*** Recorded data ***
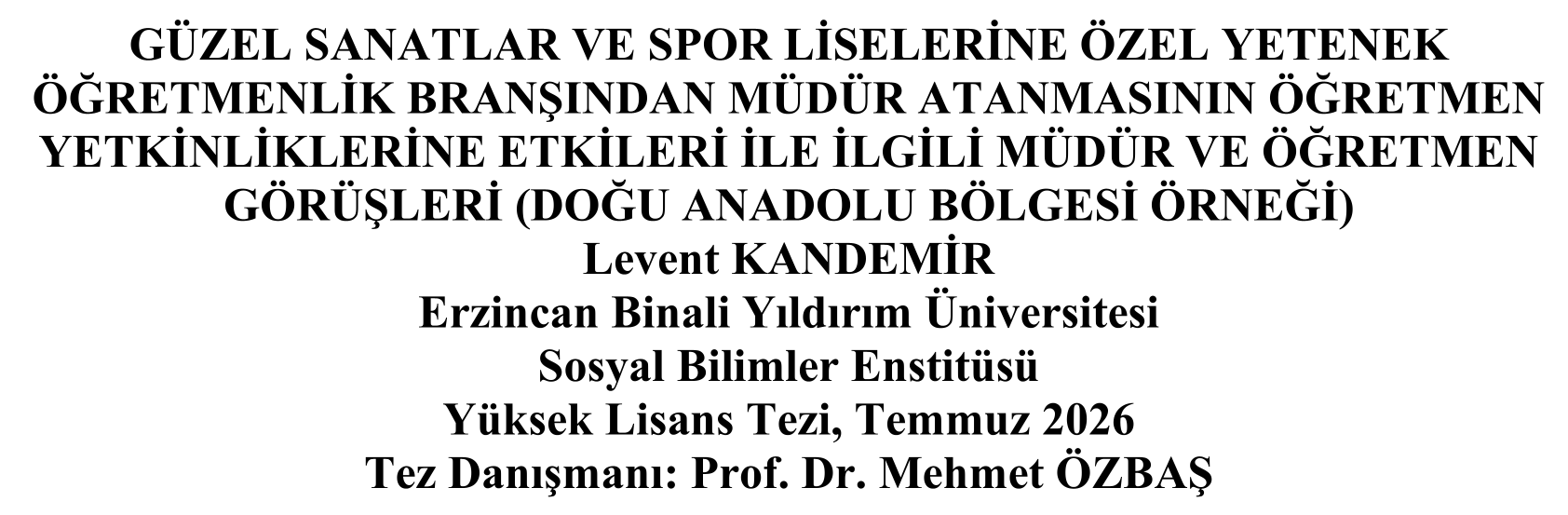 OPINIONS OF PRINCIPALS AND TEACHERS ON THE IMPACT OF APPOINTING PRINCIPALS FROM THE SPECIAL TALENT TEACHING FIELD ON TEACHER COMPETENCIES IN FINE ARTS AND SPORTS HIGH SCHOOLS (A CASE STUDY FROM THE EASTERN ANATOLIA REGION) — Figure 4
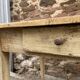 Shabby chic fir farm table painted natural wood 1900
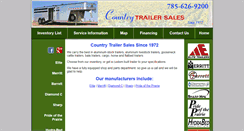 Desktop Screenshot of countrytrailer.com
*** End of Recorded data ***
Description of the task – Could you transcribe exactly the lines running from the one with "Shabby chic fir" to the final line of the material above, both included, with no pictures?

Response to the exercise –
 Shabby chic fir farm table painted natural wood 1900
 Desktop Screenshot of countrytrailer.com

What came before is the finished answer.